To be clear, I have absolutely zero issue with someone researching religion or spirituality. Frankly, I think more people should do that – we should spend time discovering how we believe we’re connected and come to a conclusion that puts us at peace, as opposed to just believing what Mom and Dad did (or the full-180-degree opposite of what Mom and Dad did, if you’re the rebellious sort.) What I DO take issue with is approaching religious differences from a place of anger instead of a place of love – or at least tolerance and an attempt to understand. And it hurts me when my husband, who knows how important my faith is to me, would want to invest so much time trying to shoot holes into various channels of spirituality.
I suppose the question is WHY does this hurt me so much? Why do I take it so personally? And the bigger question is WHY can’t I just TELL HIM “hey sweetie, can you spend an hour focusing on us and our relationship? Because that would mean a lot to me.”
As I’m writing this, the light is starting to leak in under the door. (No fireworks display of A-HA!…more like a “Hmm….)
Last weekend, I realized that my husband and I have Memorial Day weekend together – we actually have a four-day weekend, and NO plans, and the kids will all be at the other parents’ houses that weekend. I suggested we try to squeeze in a trip – we always TALK about how nice a getaway would be, but other than taking brief visits to see distant family, the only true vacation we’ve ever had was our honeymoon, which was two nights away about eight years ago. My husband seemed really enthused about taking this opportunity to travel, but every time I broached the subject this week, he was too busy to talk about it – because he was working on his Grand Thesis.
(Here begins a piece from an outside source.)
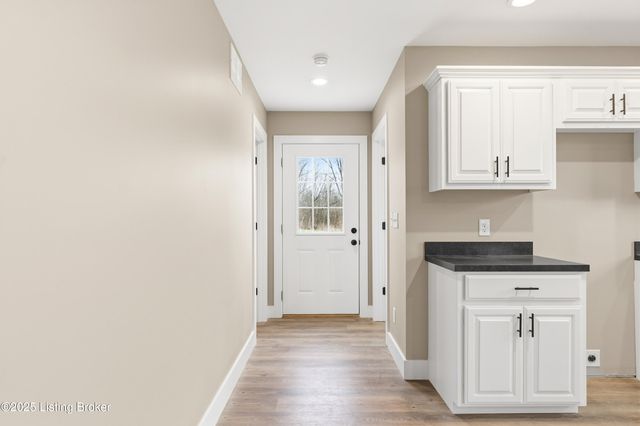 6515 Loretto Rd, Bardstown, KY 40004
I suppose it’s not out of the question that I might be somewhat bothered by that. I could be hurt that his religious critique has yet again risen above what I might need. Not only does he work on this quite blatantly when he knows it hurts me, but he works on it in lieu of working on things that might help our relationship. (Which is, not unironically, somewhat stressed due to his new research hobby.)
Hey, I know this sounds selfish. Obviously, his “thesis” is really important to him, and I need to find a way to respect that and deal with it. And for most part, I do – I don’t comment to him about it; I don’t roll my eyes or spit in his food or give him the silent treatment or scan his hard drive and delete files or any such thing. (Although, when he uses the voice-command on Google, if I’m nearby, I can’t help but shout something like “UNICORN PORNOGRAPHY!” just to eff with his search a tiny bit. Heh.)
I need to find a way to get my needs met more effectively than by eating either everything or nothing. I need to figure out how to articulate what it is, exactly, that I need. I need to understand how I can meet those needs myself instead of relying on a fallible human to meet them. And I need to understand why my reaction to EVERYTHING is to punish myself with food.
I am eating very lightly today – mostly healthy stuff so far. My stomach isn’t convinced that it doesn’t need a bag of trail mix, a jar of peanut butter, and a bag of potato chips, but it needs to shut the heck up until my clothes are looser.
Or until it doesn’t matter so much.
No dinner tonight, and will run tomorrow morning. Attempting to preserve my sanity one denied, avoided, burned calorie at a time.